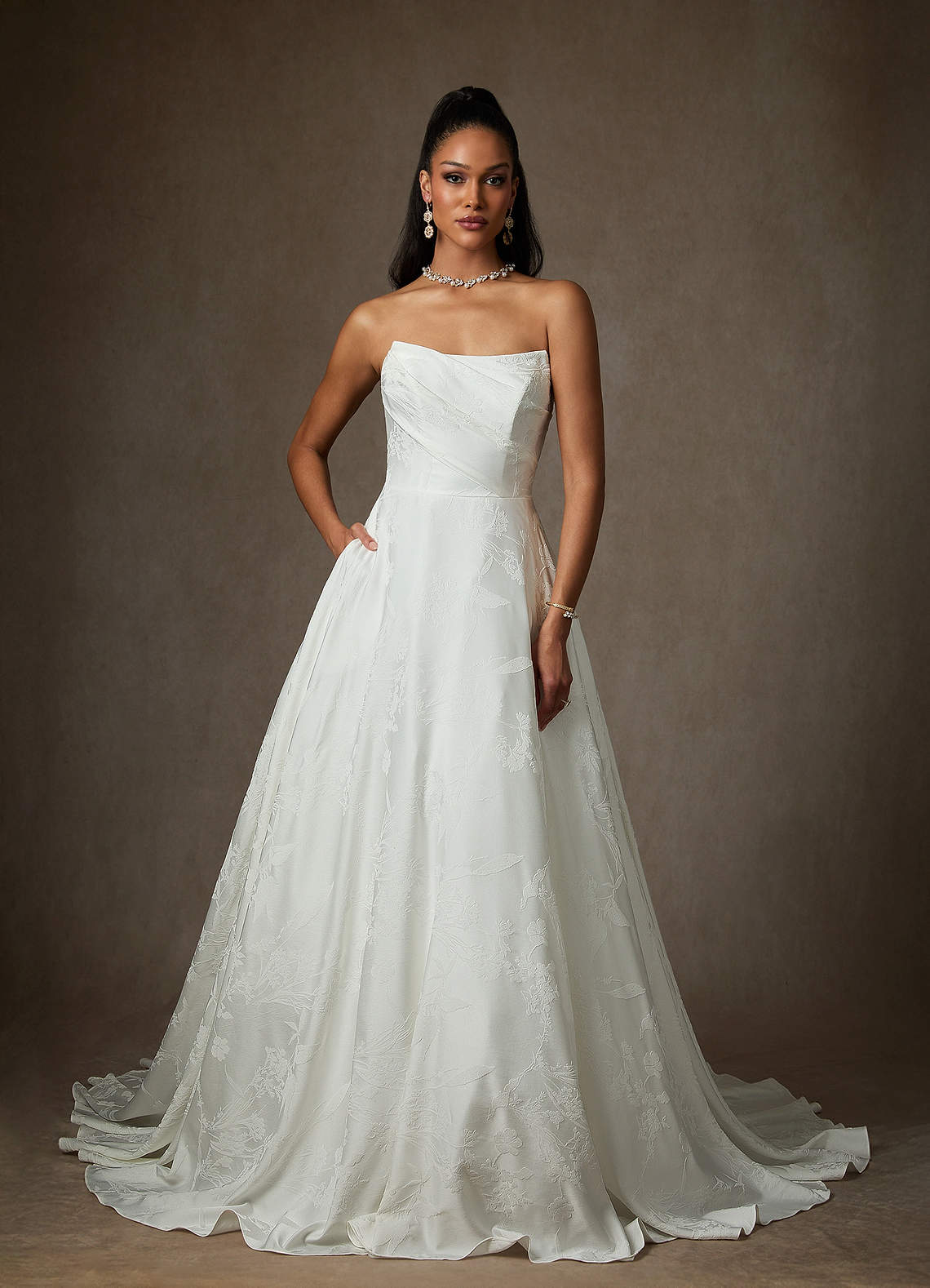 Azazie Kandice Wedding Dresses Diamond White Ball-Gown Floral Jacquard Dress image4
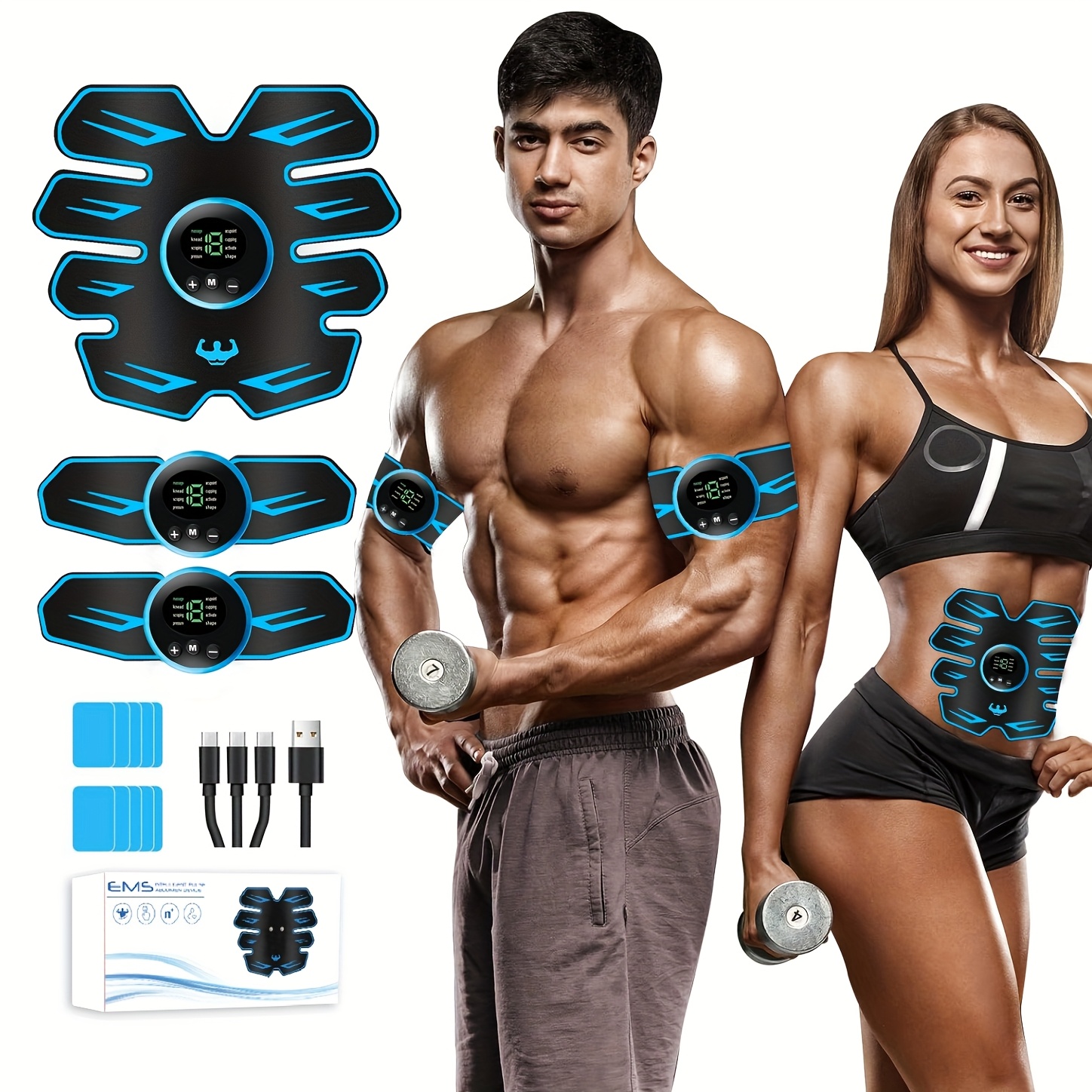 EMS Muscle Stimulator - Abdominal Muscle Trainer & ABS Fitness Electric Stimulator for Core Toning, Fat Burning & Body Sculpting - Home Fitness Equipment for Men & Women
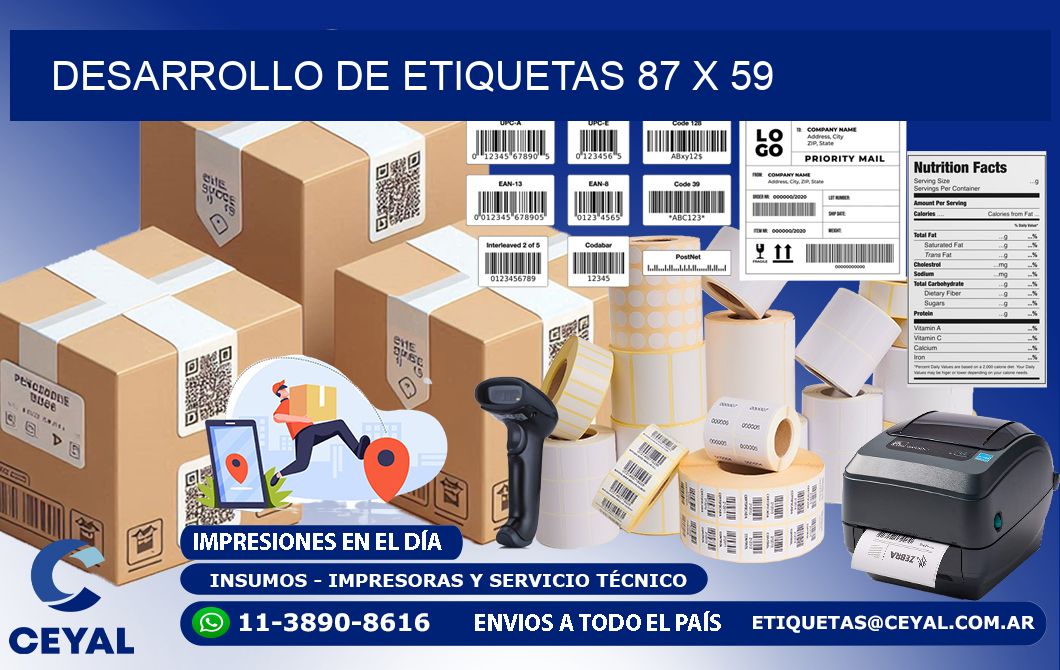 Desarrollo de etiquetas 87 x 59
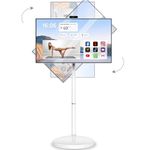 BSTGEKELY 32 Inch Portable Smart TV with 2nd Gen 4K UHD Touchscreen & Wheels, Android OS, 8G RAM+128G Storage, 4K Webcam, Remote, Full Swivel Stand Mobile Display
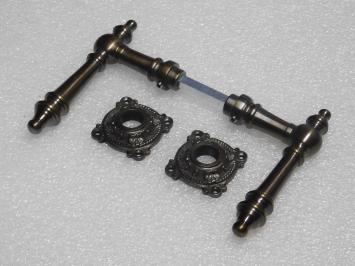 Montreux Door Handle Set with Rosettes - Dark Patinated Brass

######

◆ YOUR TASK: Write out an exact copy of the lines beginning at the line that contains "Desarrollo de etiquetas 87 x 59" and ending at the last line of the listing. Exclude pictures.

◆ RESPONSE TO THE EXERCISE:
 Desarrollo de etiquetas 87 x 59
 BSTGEKELY 32 Inch Portable Smart TV with 2nd Gen 4K UHD Touchscreen & Wheels, Android OS, 8G RAM+128G Storage, 4K Webcam, Remote, Full Swivel Stand Mobile Display
 Montreux Door Handle Set with Rosettes - Dark Patinated Brass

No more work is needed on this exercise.